§ **Your goal**: For the listing below, print exactly the lines from the line with "food vector icon" to the line with "Women Derby Fascinator", both included, and nothing beyond them.

§ **Provided information**:
------------------------------------------------------------
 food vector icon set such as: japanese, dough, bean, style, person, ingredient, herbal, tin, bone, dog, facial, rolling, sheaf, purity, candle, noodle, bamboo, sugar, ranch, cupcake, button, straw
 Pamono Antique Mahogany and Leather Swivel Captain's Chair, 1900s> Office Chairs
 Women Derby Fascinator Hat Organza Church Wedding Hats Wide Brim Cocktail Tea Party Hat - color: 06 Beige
------------------------------------------------------------
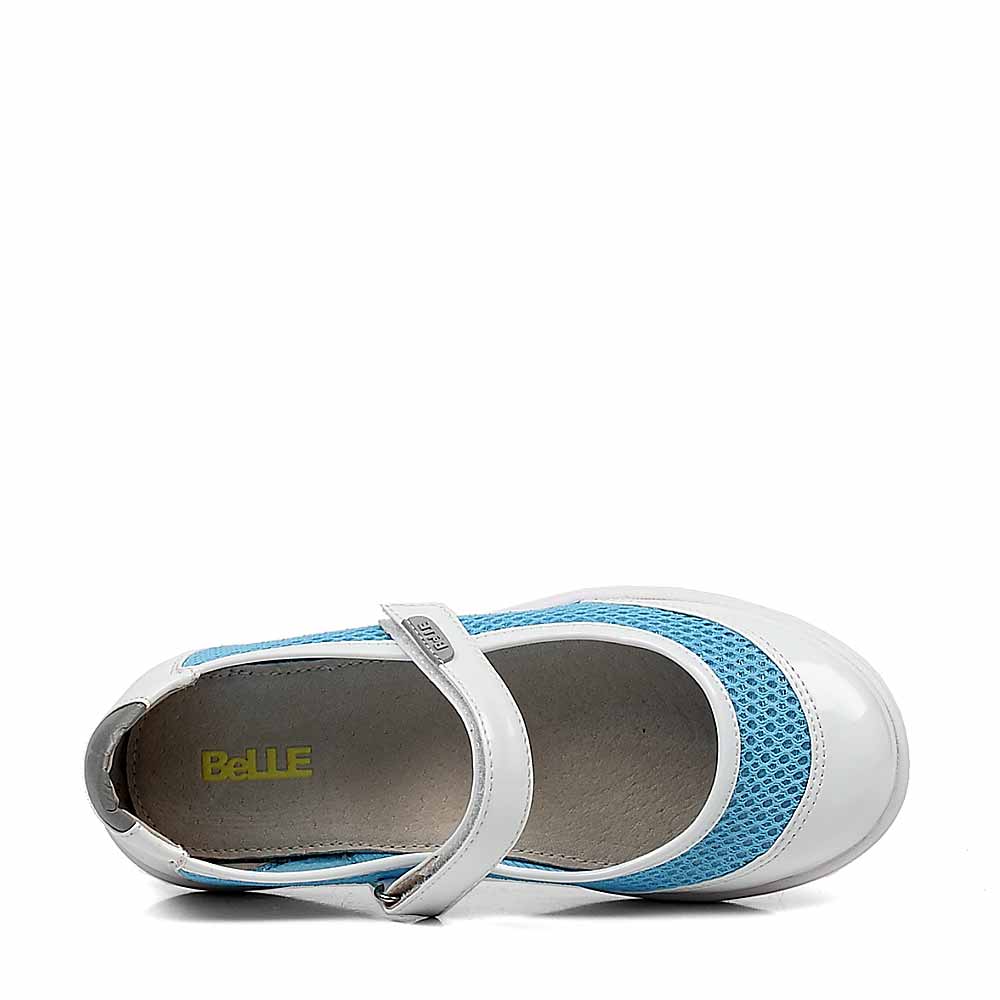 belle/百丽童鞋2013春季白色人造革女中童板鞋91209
------------------------------------------------------------
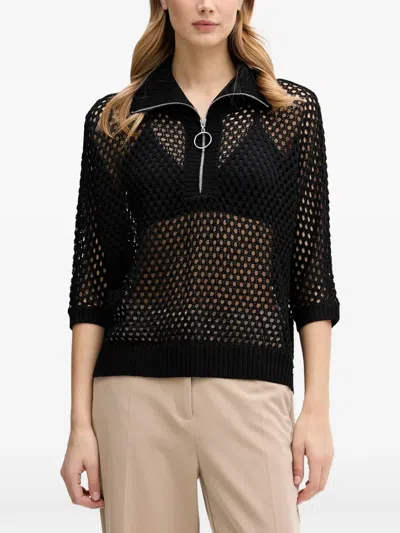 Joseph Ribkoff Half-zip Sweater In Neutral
------------------------------------------------------------
§ **Output for this exercise**:
 food vector icon set such as: japanese, dough, bean, style, person, ingredient, herbal, tin, bone, dog, facial, rolling, sheaf, purity, candle, noodle, bamboo, sugar, ranch, cupcake, button, straw
 Pamono Antique Mahogany and Leather Swivel Captain's Chair, 1900s> Office Chairs
 Women Derby Fascinator Hat Organza Church Wedding Hats Wide Brim Cocktail Tea Party Hat - color: 06 Beige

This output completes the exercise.